*Problem description*: Transcribe exactly every line from the one with "hand holding a" to the last line of the listing below, including both.

*Data to use*:
★ ★ ★

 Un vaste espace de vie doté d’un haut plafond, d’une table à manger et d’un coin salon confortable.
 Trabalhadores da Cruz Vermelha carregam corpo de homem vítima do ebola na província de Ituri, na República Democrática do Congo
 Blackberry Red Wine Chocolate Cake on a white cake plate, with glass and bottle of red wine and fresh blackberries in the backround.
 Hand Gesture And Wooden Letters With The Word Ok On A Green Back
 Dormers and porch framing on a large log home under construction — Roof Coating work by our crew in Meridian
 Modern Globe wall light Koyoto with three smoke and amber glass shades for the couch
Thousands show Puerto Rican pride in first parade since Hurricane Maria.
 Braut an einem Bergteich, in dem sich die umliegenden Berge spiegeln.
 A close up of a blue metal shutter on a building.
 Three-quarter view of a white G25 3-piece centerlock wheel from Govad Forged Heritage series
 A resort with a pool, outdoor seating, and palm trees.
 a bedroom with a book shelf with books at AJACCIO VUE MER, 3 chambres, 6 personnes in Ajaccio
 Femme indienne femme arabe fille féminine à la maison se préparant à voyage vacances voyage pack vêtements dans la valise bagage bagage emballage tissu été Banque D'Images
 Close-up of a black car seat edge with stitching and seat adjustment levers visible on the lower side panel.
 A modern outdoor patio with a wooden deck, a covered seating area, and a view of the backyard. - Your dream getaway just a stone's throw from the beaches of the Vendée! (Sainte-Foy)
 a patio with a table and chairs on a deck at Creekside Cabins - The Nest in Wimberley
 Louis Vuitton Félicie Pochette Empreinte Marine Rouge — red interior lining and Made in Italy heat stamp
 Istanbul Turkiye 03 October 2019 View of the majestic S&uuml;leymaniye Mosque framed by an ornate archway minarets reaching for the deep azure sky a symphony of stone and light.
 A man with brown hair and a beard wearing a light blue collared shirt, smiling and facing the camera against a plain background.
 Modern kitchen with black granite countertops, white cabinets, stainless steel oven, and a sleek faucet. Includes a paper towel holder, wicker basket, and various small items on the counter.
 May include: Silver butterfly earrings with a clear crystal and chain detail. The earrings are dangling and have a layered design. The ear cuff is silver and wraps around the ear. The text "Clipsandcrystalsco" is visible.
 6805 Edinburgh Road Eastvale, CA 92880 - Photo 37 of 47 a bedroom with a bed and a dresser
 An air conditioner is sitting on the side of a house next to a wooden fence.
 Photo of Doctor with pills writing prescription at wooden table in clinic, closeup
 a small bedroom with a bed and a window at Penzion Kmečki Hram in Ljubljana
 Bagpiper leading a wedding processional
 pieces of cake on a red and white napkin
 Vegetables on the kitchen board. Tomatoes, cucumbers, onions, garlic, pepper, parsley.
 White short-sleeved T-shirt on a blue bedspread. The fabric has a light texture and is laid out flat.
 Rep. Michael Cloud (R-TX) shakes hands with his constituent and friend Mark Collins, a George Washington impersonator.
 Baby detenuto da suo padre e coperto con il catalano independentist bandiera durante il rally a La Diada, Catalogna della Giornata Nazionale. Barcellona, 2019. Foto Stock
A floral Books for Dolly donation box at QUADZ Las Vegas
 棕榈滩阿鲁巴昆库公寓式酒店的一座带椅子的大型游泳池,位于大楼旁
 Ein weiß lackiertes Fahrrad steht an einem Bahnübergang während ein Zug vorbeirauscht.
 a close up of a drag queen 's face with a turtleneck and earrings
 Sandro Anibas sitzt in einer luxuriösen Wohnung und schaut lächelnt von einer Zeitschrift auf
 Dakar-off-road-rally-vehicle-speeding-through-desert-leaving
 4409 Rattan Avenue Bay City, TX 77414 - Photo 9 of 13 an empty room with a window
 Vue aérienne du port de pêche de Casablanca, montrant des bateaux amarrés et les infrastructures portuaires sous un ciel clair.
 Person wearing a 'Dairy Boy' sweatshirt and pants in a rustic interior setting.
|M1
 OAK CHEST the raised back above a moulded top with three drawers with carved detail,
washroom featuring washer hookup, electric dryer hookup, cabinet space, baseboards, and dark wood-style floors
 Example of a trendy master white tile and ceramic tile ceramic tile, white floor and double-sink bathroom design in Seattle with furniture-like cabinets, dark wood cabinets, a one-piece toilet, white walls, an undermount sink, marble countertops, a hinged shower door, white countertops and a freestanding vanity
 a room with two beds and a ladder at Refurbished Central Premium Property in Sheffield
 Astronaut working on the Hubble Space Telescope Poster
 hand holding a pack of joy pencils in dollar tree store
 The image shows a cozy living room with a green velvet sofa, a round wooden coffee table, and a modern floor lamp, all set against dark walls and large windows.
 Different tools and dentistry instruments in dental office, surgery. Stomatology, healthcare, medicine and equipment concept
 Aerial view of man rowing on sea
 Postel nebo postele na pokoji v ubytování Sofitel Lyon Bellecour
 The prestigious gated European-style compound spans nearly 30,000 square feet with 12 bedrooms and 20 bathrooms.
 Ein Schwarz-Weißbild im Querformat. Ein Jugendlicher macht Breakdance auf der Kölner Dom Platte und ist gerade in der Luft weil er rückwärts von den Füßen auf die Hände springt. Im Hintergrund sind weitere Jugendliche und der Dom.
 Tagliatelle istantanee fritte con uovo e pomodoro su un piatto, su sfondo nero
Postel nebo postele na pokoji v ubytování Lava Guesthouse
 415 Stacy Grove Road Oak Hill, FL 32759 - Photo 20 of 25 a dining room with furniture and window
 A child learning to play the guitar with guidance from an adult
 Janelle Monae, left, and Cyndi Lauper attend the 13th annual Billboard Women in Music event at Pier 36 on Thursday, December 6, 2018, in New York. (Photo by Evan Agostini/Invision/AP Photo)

★ ★ ★

*Written solution*:
 hand holding a pack of joy pencils in dollar tree store
 The image shows a cozy living room with a green velvet sofa, a round wooden coffee table, and a modern floor lamp, all set against dark walls and large windows.
 Different tools and dentistry instruments in dental office, surgery. Stomatology, healthcare, medicine and equipment concept
 Aerial view of man rowing on sea
 Postel nebo postele na pokoji v ubytování Sofitel Lyon Bellecour
 The prestigious gated European-style compound spans nearly 30,000 square feet with 12 bedrooms and 20 bathrooms.
 Ein Schwarz-Weißbild im Querformat. Ein Jugendlicher macht Breakdance auf der Kölner Dom Platte und ist gerade in der Luft weil er rückwärts von den Füßen auf die Hände springt. Im Hintergrund sind weitere Jugendliche und der Dom.
 Tagliatelle istantanee fritte con uovo e pomodoro su un piatto, su sfondo nero
Postel nebo postele na pokoji v ubytování Lava Guesthouse
 415 Stacy Grove Road Oak Hill, FL 32759 - Photo 20 of 25 a dining room with furniture and window
 A child learning to play the guitar with guidance from an adult
 Janelle Monae, left, and Cyndi Lauper attend the 13th annual Billboard Women in Music event at Pier 36 on Thursday, December 6, 2018, in New York. (Photo by Evan Agostini/Invision/AP Photo)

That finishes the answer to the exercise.